→ **DATASET CONTENT**:

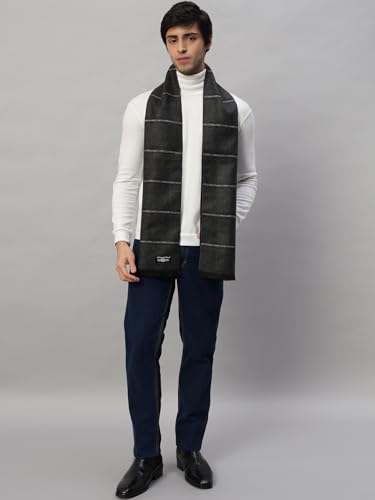 Image of Ravaiyaa - Attitude is everything Men's Reversible Stripe Pattern Winter Wool Scarf, Muffler 72 inchx12 inch Inch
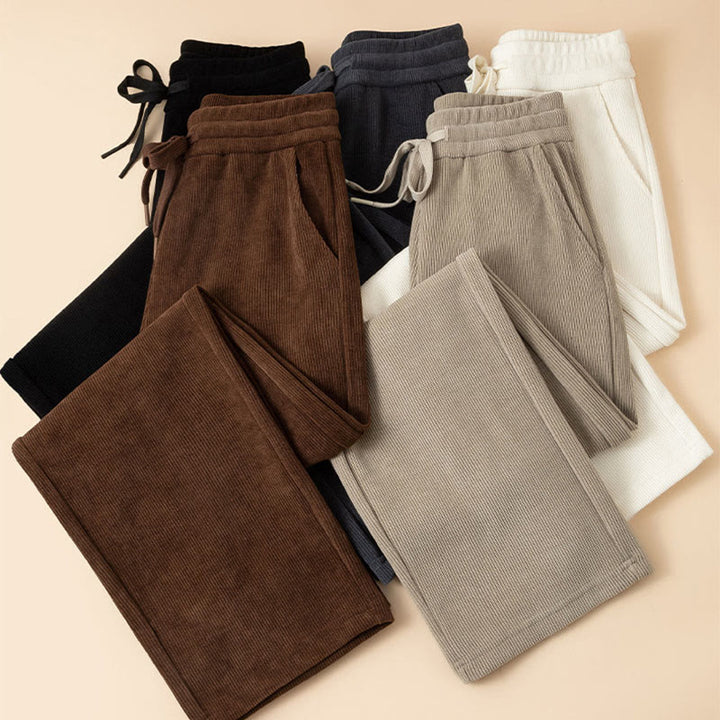 Buddha Stonesレディース 秋冬 ピュアカラー ワイドレッグ コットンパンツ ポケット付き - image 16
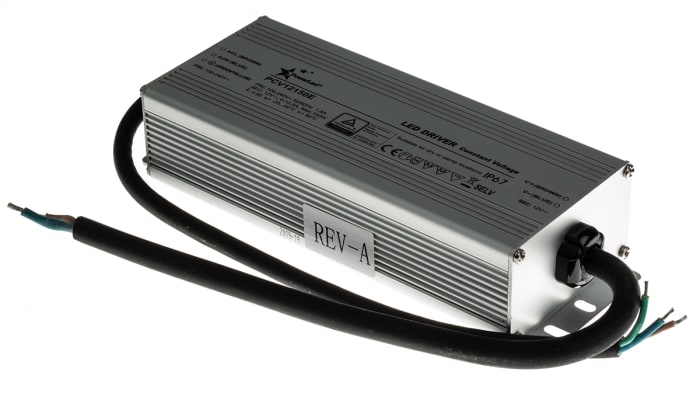 PowerLED LED Driver, 12V Output, 150W Output, 12.5A Output, Constant Voltage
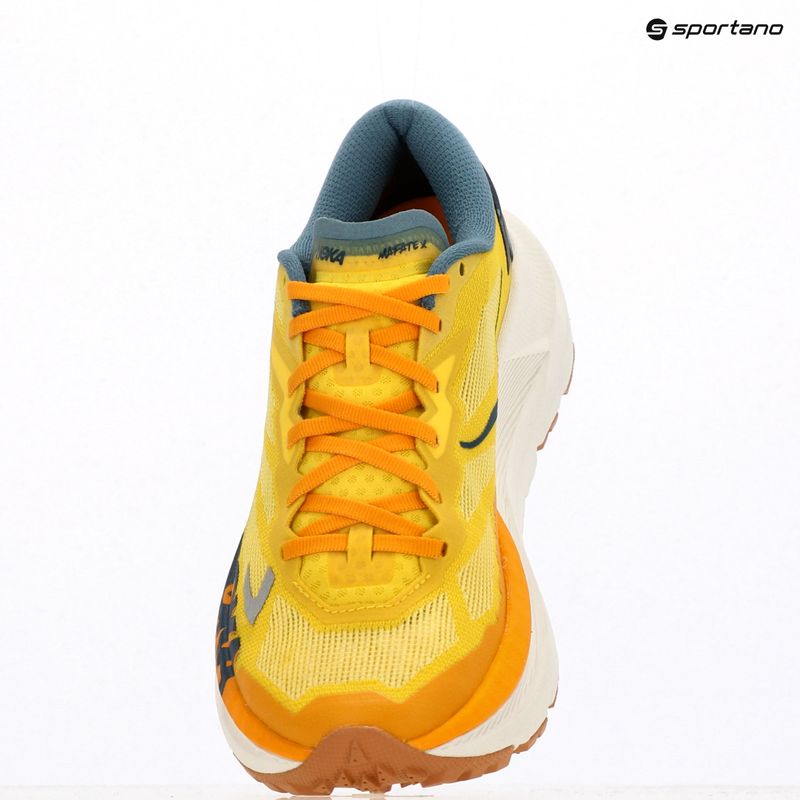 Scarpe da corsa da uomo Hoka Mafate X zest/mountain fog 13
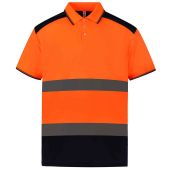 Yoko Two Tone Short Sleeve Polo Shirt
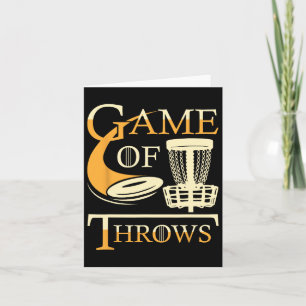 Game Of Throws - Disc Golf Player Flying Disc Golf Card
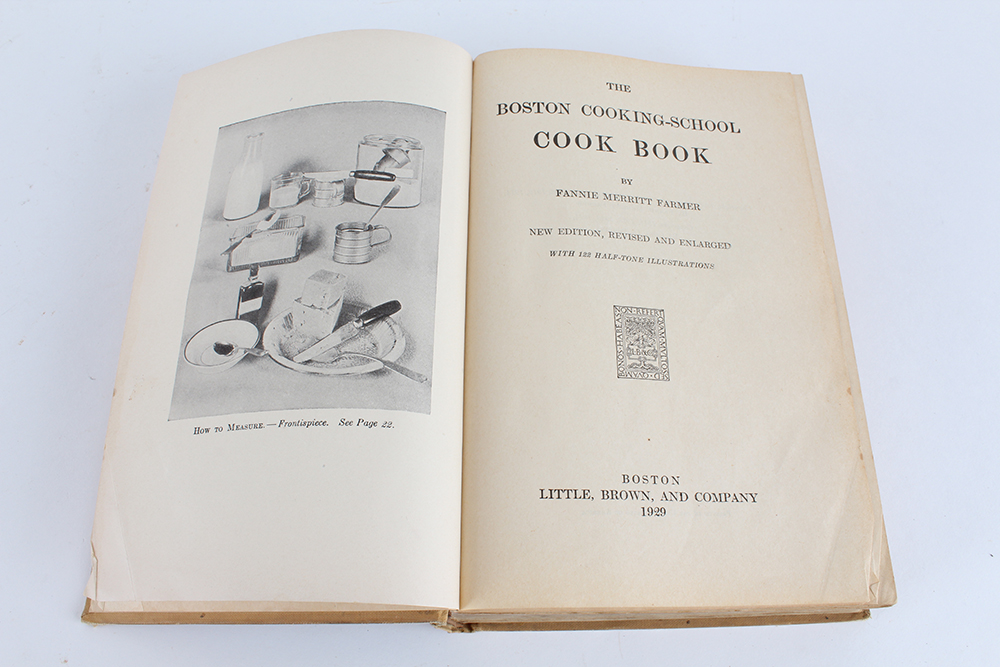 Trio of "The Boston Cooking-School Cook Book" by Fannie Merritt Farmer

→ **WORK REQUIRED**:
Give back, word for word, the lines from the one containing "PowerLED LED Driver, 12V" through the last line of the listing above; include both ends and exclude the pictures.

→ **SOLUTION TO THE PROBLEM**:
 PowerLED LED Driver, 12V Output, 150W Output, 12.5A Output, Constant Voltage
 Scarpe da corsa da uomo Hoka Mafate X zest/mountain fog 13
 Yoko Two Tone Short Sleeve Polo Shirt
 Game Of Throws - Disc Golf Player Flying Disc Golf Card
 Trio of "The Boston Cooking-School Cook Book" by Fannie Merritt Farmer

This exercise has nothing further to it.